#### [Task description]
Starting at the first line of the entries, extract each line up to and including the one that contains "New | in-Stock", but leave out the pictures.

──────────────────────────────

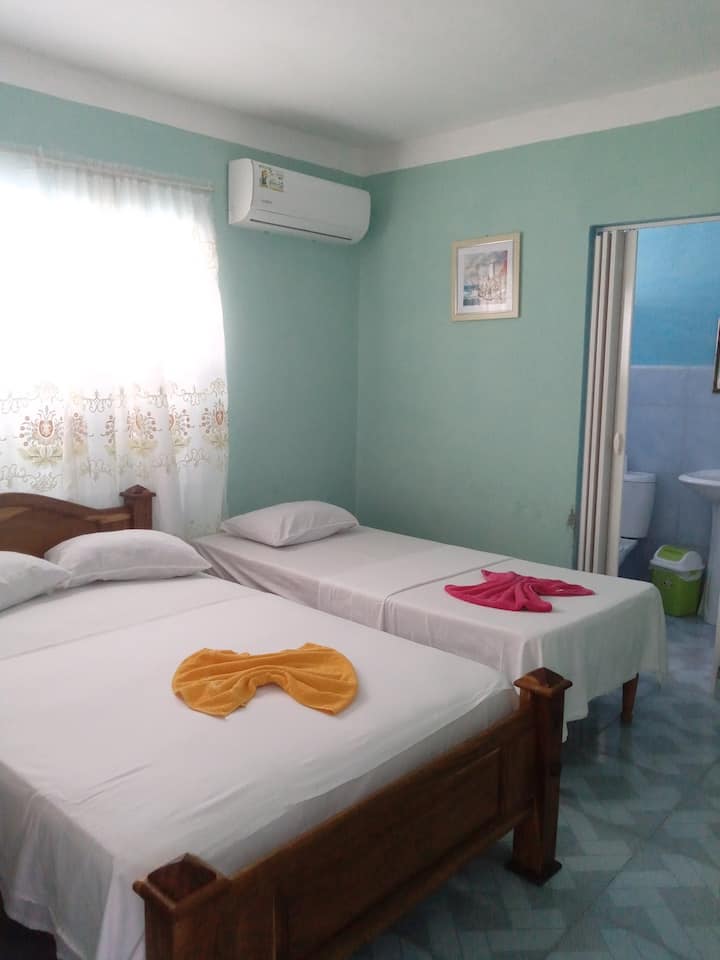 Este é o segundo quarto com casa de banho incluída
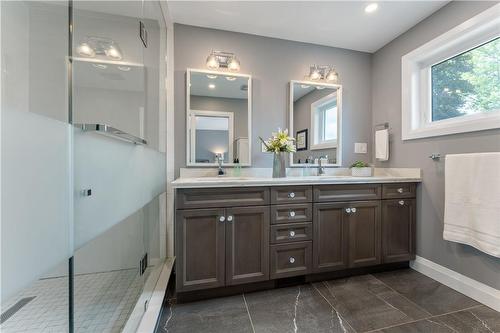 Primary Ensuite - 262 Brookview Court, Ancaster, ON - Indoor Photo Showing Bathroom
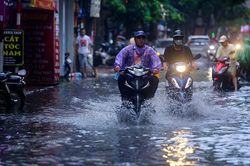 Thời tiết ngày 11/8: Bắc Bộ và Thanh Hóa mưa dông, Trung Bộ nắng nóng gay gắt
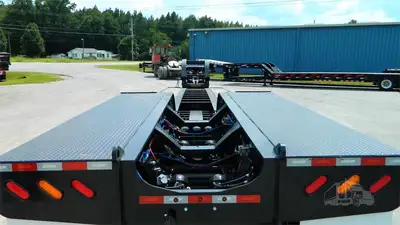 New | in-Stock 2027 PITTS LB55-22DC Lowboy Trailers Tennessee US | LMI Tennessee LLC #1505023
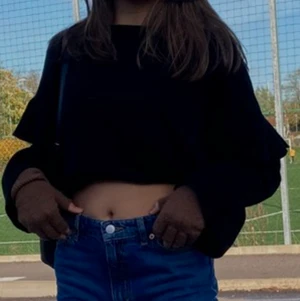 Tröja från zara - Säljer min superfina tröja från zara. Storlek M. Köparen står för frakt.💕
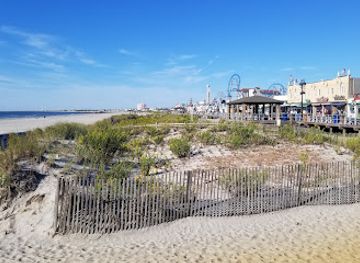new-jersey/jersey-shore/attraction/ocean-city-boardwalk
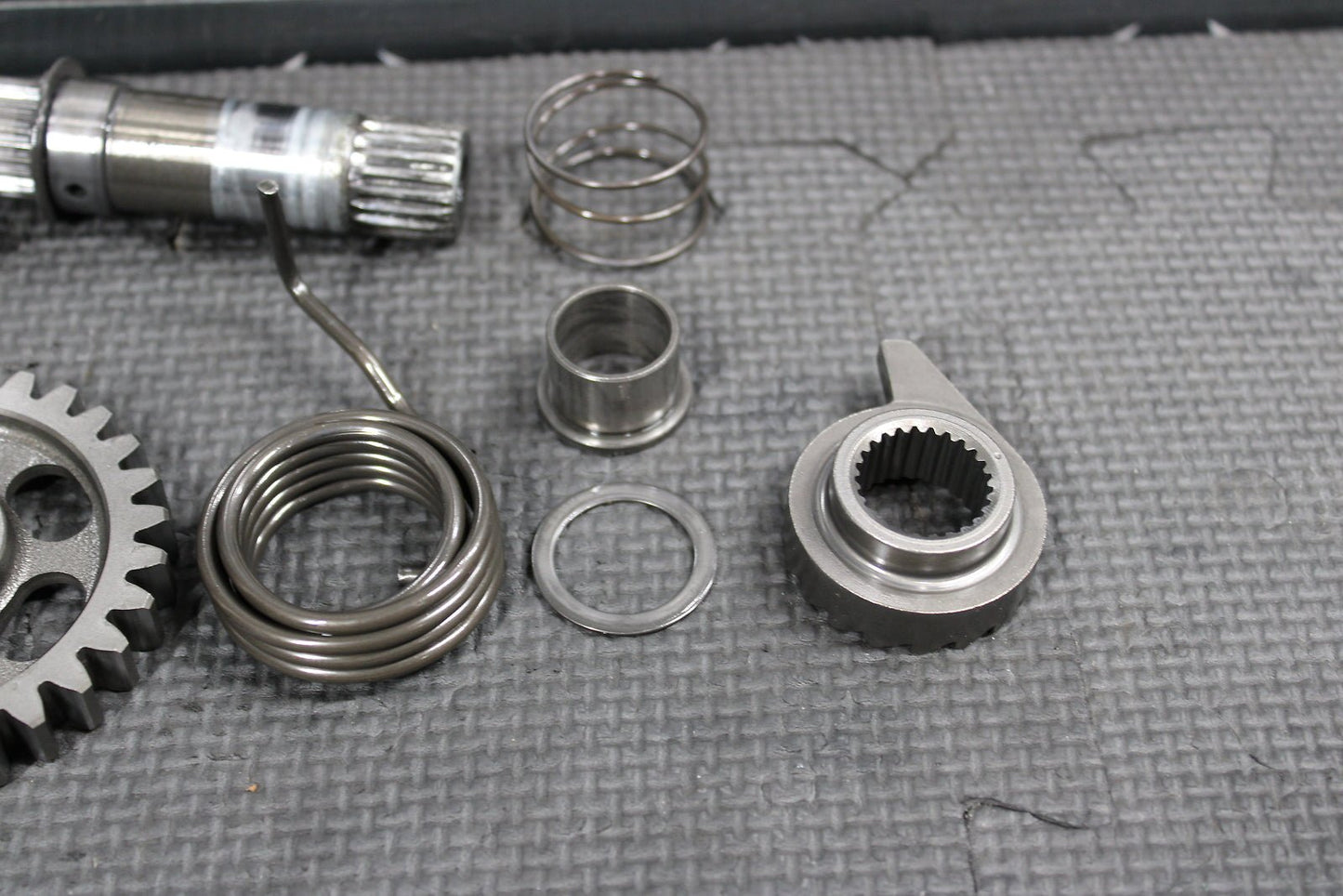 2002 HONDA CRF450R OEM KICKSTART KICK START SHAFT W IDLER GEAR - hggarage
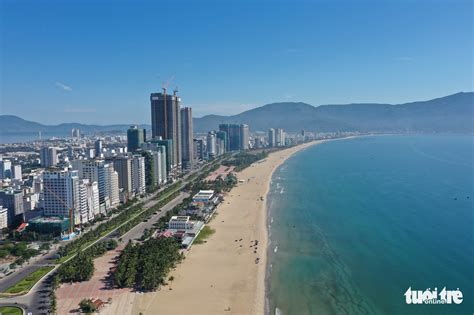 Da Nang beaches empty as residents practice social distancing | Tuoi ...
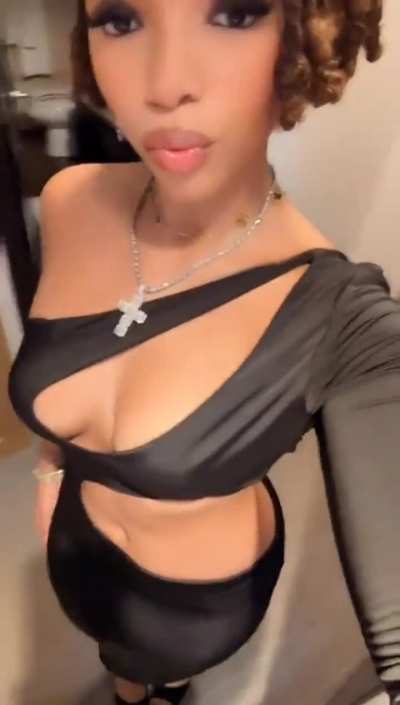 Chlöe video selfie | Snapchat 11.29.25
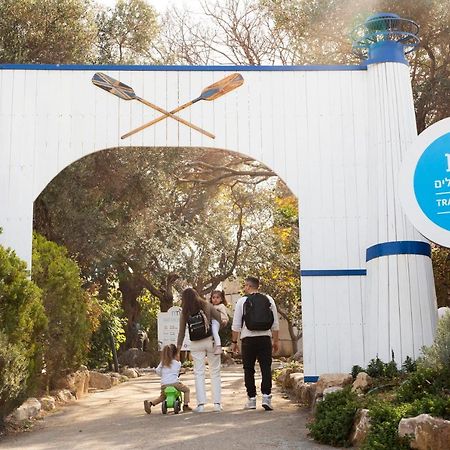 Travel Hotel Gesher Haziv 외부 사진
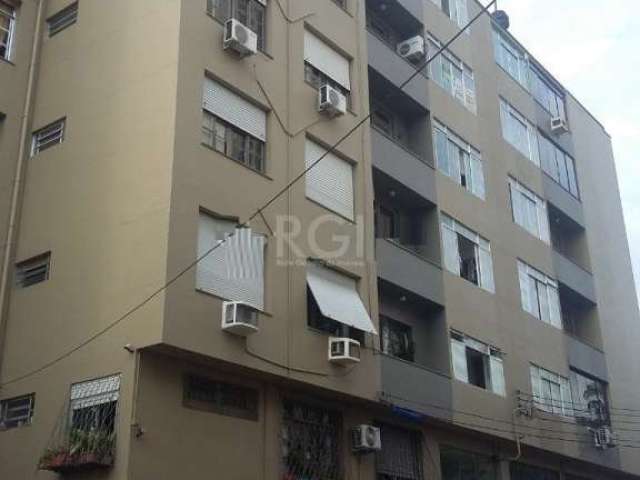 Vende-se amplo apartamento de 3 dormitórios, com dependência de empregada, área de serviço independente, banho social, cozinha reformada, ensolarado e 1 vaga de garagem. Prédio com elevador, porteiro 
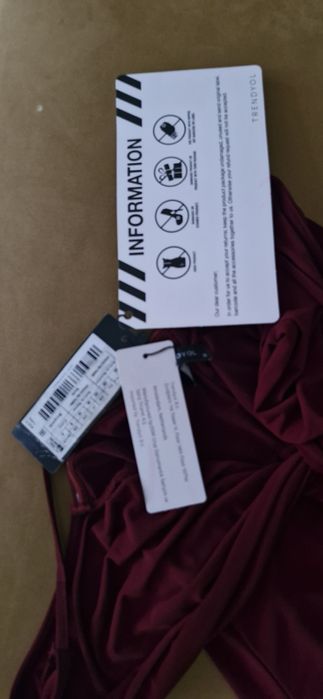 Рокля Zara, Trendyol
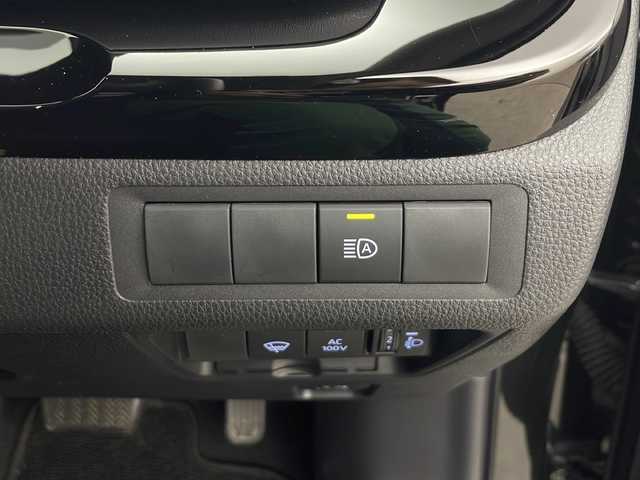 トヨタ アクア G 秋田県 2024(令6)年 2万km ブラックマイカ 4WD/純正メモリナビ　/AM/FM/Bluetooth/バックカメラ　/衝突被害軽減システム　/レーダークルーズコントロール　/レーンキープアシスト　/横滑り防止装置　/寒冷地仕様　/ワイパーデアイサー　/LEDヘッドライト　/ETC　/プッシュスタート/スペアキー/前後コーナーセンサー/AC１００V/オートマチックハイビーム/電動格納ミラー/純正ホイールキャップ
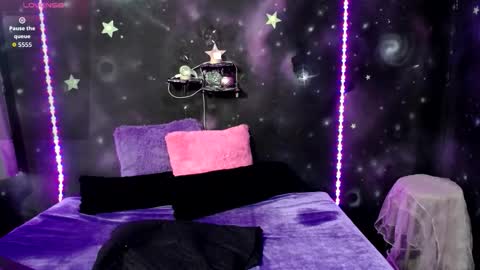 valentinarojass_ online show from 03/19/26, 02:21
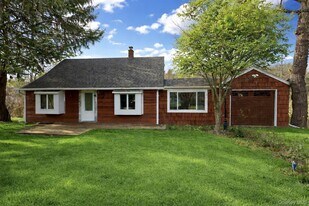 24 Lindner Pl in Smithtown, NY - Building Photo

──────────────────────────────

#### [Output]
 Este é o segundo quarto com casa de banho incluída
 Primary Ensuite - 262 Brookview Court, Ancaster, ON - Indoor Photo Showing Bathroom
 Thời tiết ngày 11/8: Bắc Bộ và Thanh Hóa mưa dông, Trung Bộ nắng nóng gay gắt
 New | in-Stock 2027 PITTS LB55-22DC Lowboy Trailers Tennessee US | LMI Tennessee LLC #1505023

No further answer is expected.